Nas últimas semanas, Ciro Gomes fez declarações em que acenou de forma positiva a uma possível aliança tanto com Marina como com o ex-prefeito de São Paulo Fernando Haddad (PT). O pré-candidato brincou que uma chapa com o petista seria um "Dream Team" ("Time dos Sonhos"). Dias depois, voltou ao tema ao dizer que contar com Marina a seu lado seria formar o "Dream Team 2".
Legado e discurso
Além de superar divisões internas para se fortalecer, as forças de esquerda também encaram o desafio de recuperar o terreno perdido nos últimos anos.
No cenário de polarização política que o país vive hoje, as denúncias de corrupção contra os governos do PT e as críticas à ineficiência da máquina estatal serviram de munição para ataques de grupos mais à direita.
Carvalho Teixeira avalia que, por conta disso, a defesa do legado do governo Lula só vai estar presente na campanha se o PT tiver uma candidatura própria.
"Talvez o PCdoB também faça isso, porque sempre foi um partido leal nos governos do PT, mais até do que o próprio PT durante o processo de impeachment de Dilma. Mas o próprio Ciro já mostrou que, se precisar bater no PT, ele vai bater."

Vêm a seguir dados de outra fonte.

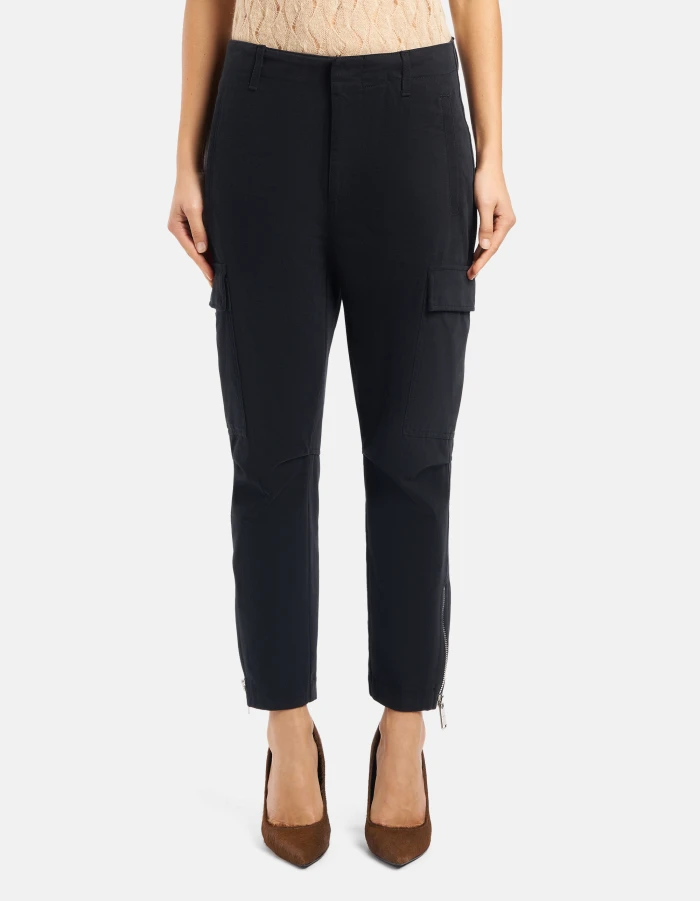 Pantaloni Eve cargo in velour di cotone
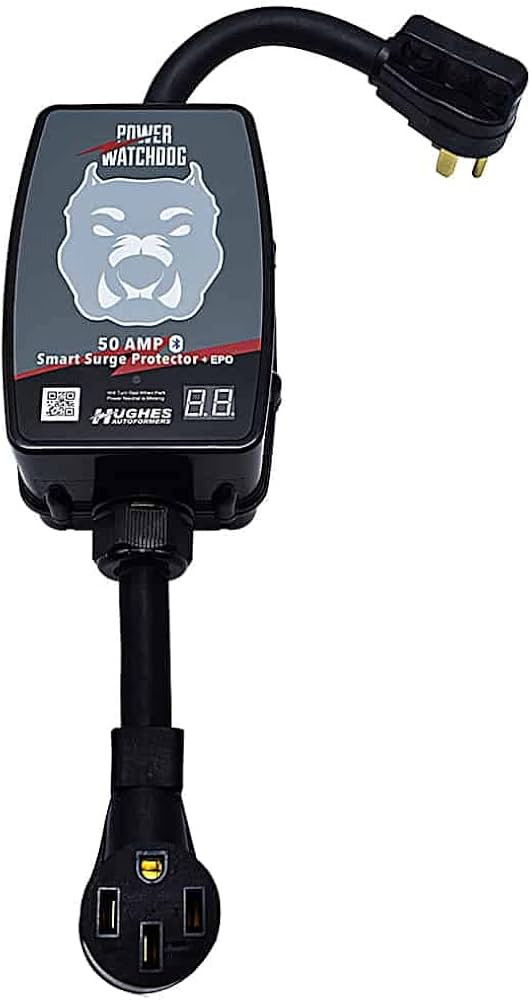 Power Watchdog PWD50EPO, Bluetooth Surge Protector with Auto Shutoff, 50 Amp, Portable | Amazon (US)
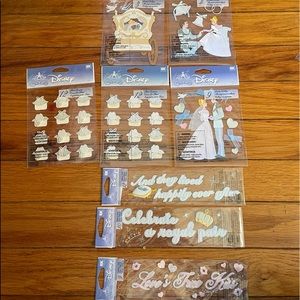EK Success Disney Cinderella Wedding Stickers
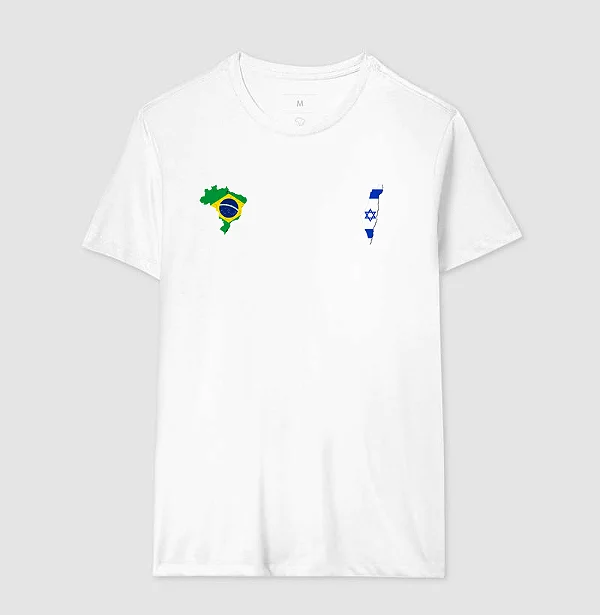 Camiseta BRA & ISR - Rosenyou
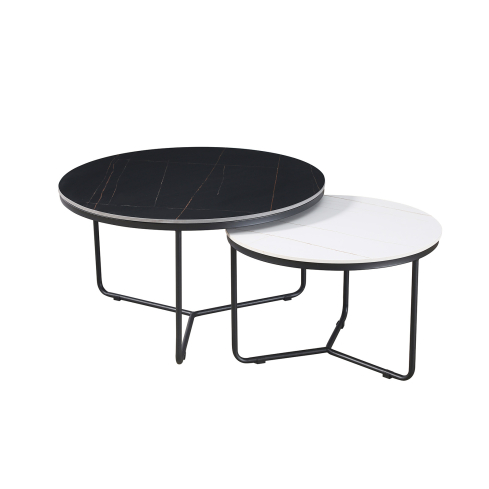 Diivanilaua komplekt CT 2589 must/valge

Já a pré-candidatura do líder do MTST (Movimento dos Trabalhadores Sem Teto) Guilherme Boulos tem, na opinião de Teixeira, o desafio de vencer as resistências que causou dentro do próprio PSOL e ainda de ampliar o alcance de seu discurso para além dos movimentos sociais.
"O Boulos vem do movimento social com demanda muito específica. Ele mobiliza um público mais à esquerda", afirma o cientista político. "A candidatura dele emerge de um segmento social que é importante, porém restrito em termos de diálogo com outros segmentos. Ele precisa dizer mais claramente para os demais segmentos da sociedade o que ele pretende enquanto presidente."
O professor acrescenta que, na campanha para as eleições de outubro, o discurso das forças de esquerda deve se concentrar em críticas ao governo Temer, em especial ao aumento do número de desempregados, à perda de renda e à uma deterioração da qualidade de vida, sobretudo nos grandes centros urbanos.
"Se a esquerda não apresentar uma alternativa a isso, ela fica sem capacidade de ser escutada", diz o cientista político. "A esquerda não pode continuar martelando o discurso tradicional, de projeto de Estado e socialismo, mas, sim, propostas pontuais ligadas à justiça social."